Required action
Skip the pictures and return every entry exactly as written.

Crawled caption data:
################
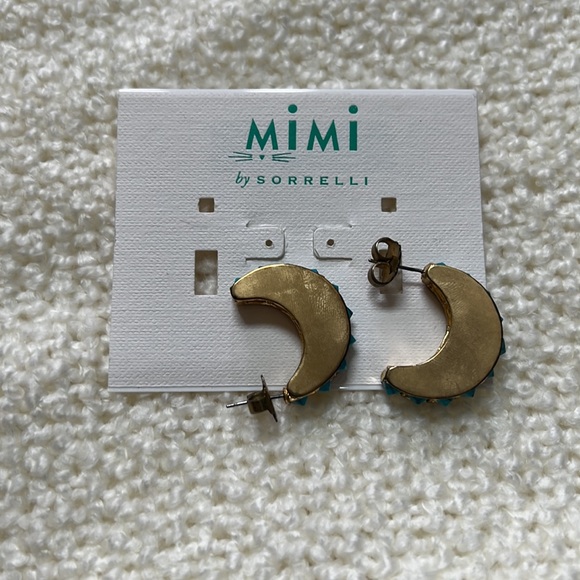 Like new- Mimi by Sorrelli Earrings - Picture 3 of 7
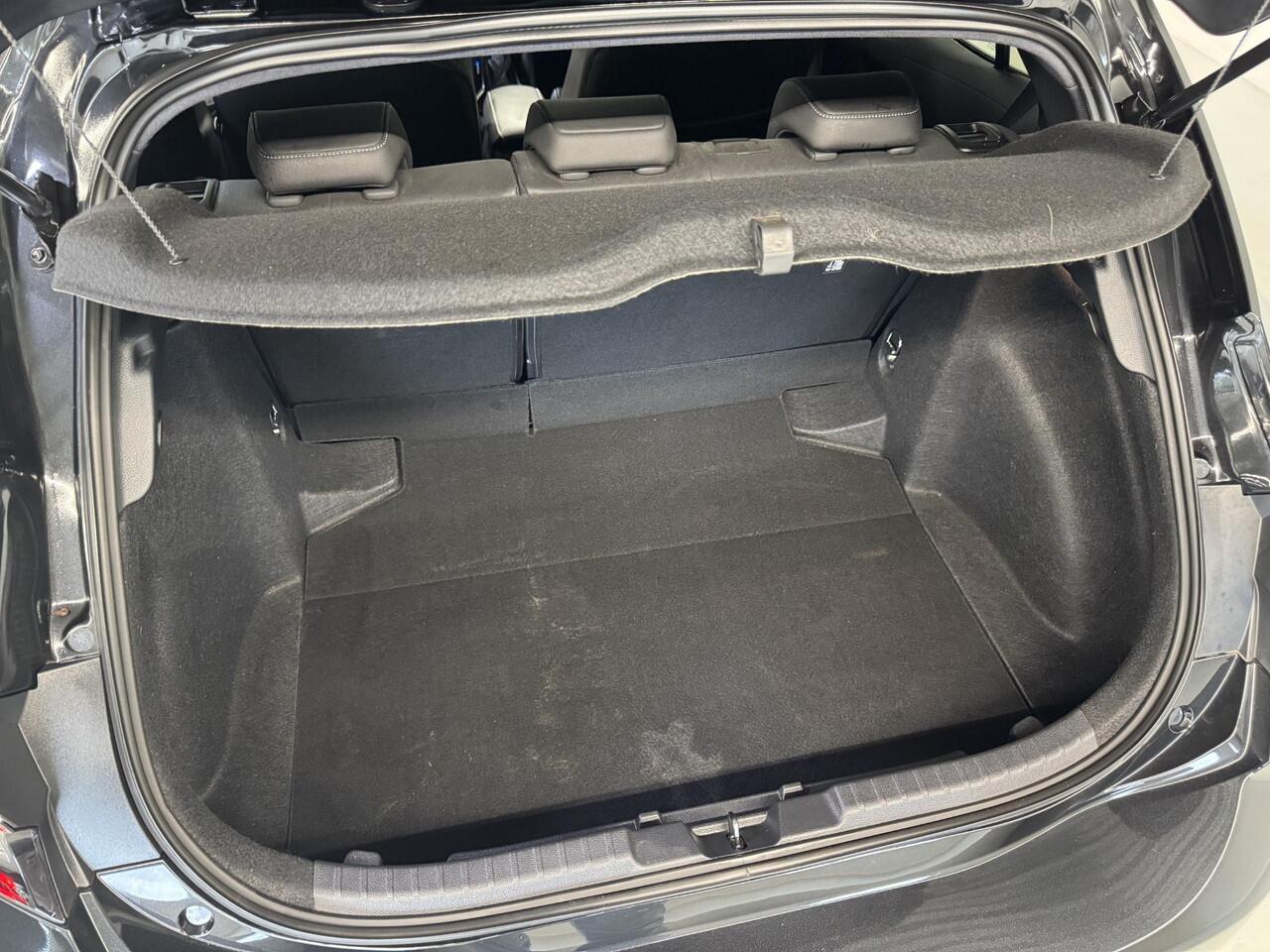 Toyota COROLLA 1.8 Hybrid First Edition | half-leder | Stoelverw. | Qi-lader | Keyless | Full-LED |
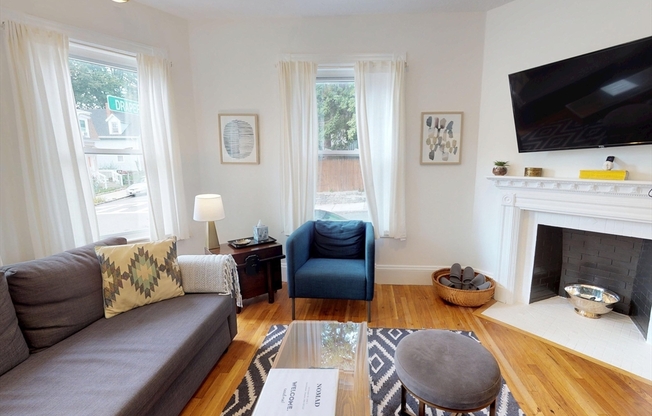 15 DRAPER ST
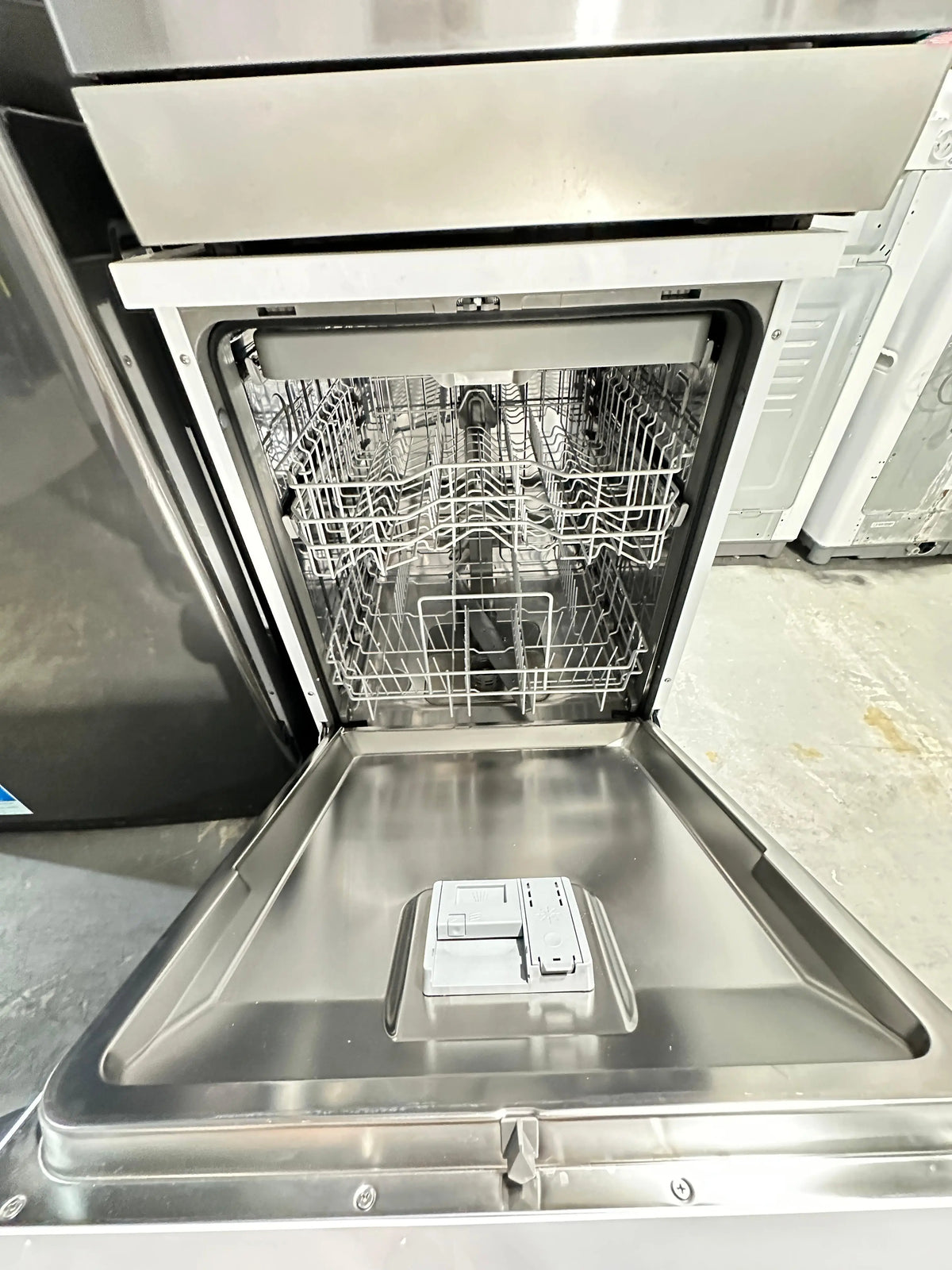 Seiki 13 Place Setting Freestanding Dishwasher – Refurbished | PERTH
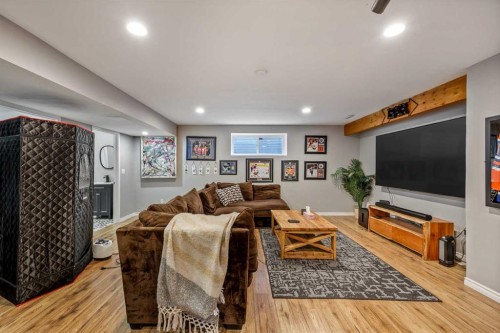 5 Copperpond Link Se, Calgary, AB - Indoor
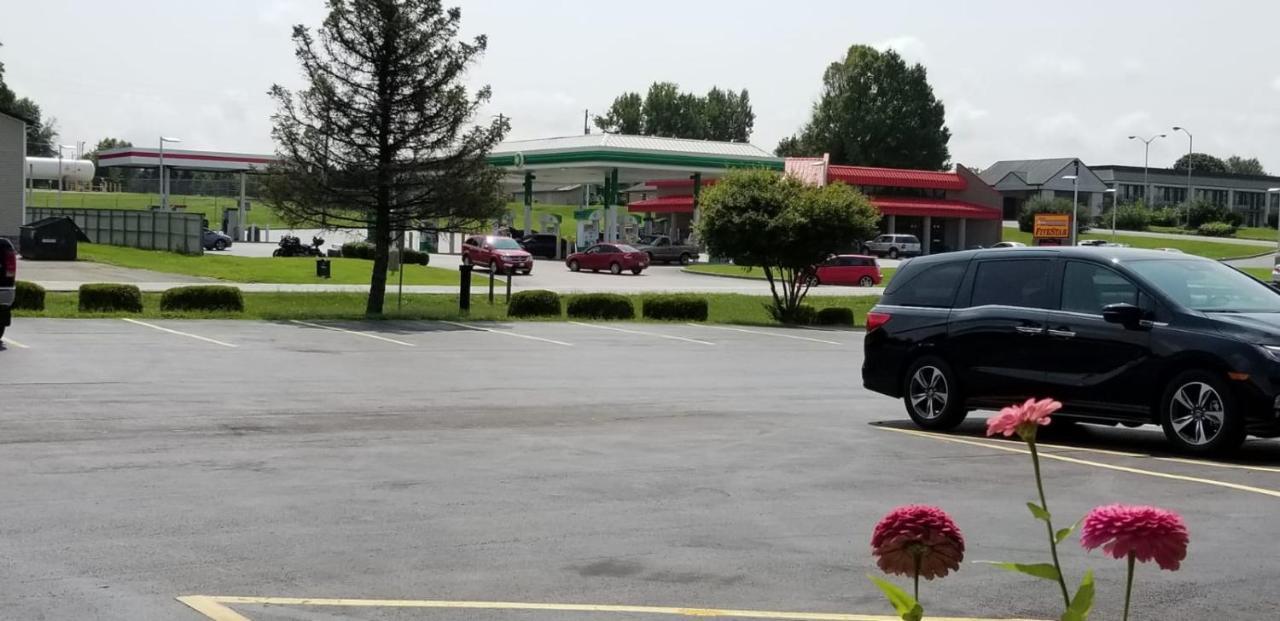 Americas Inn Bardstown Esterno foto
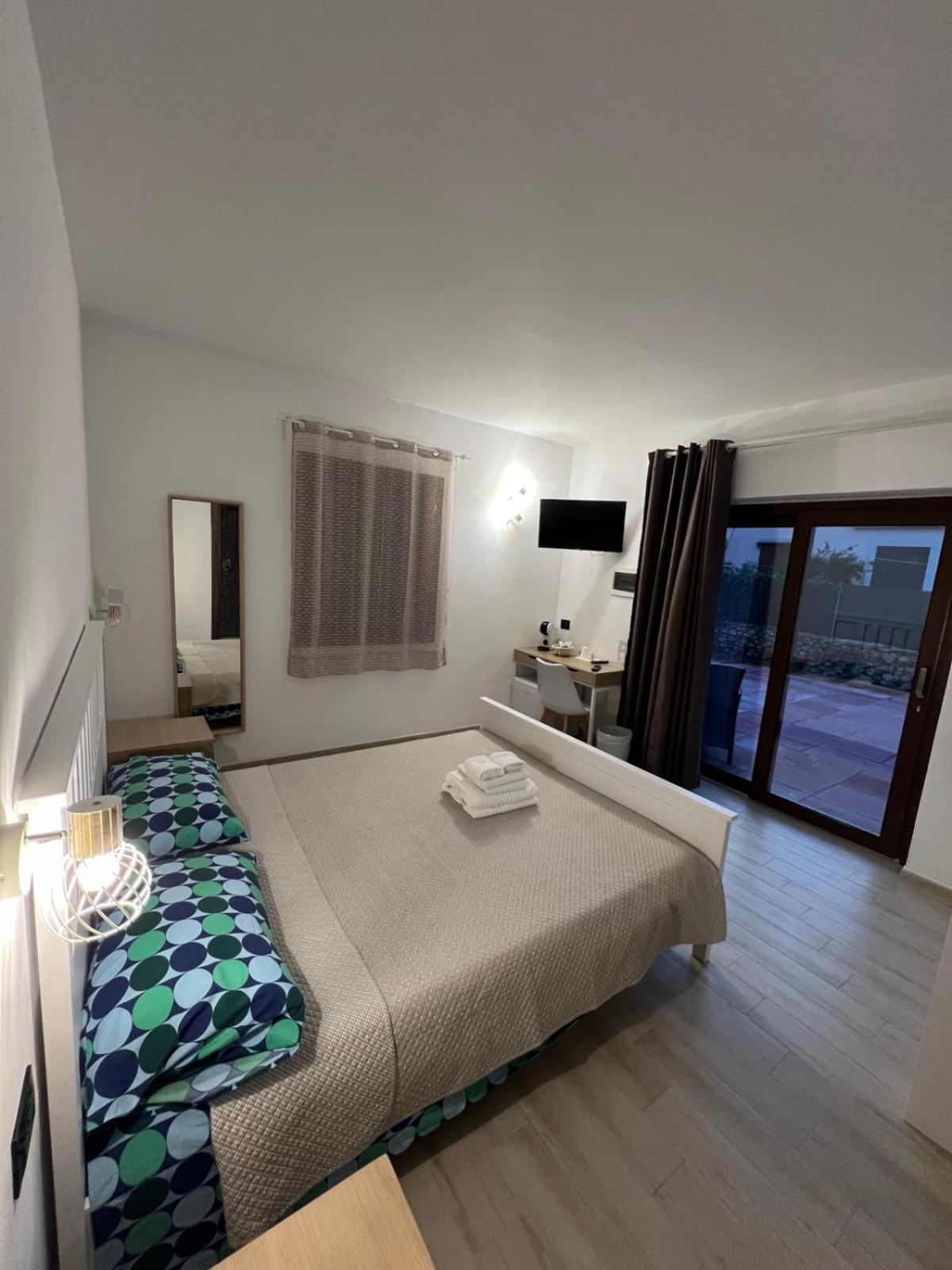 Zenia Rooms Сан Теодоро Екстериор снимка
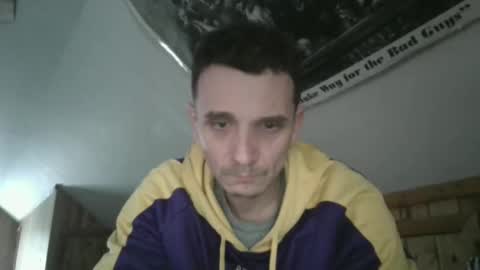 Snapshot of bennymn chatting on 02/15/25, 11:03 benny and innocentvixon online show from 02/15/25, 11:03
################
Exercise solution
 Like new- Mimi by Sorrelli Earrings - Picture 3 of 7
 Toyota COROLLA 1.8 Hybrid First Edition | half-leder | Stoelverw. | Qi-lader | Keyless | Full-LED |
 15 DRAPER ST
 Seiki 13 Place Setting Freestanding Dishwasher – Refurbished | PERTH
 5 Copperpond Link Se, Calgary, AB - Indoor
 Americas Inn Bardstown Esterno foto
 Zenia Rooms Сан Теодоро Екстериор снимка
 Snapshot of bennymn chatting on 02/15/25, 11:03 benny and innocentvixon online show from 02/15/25, 11:03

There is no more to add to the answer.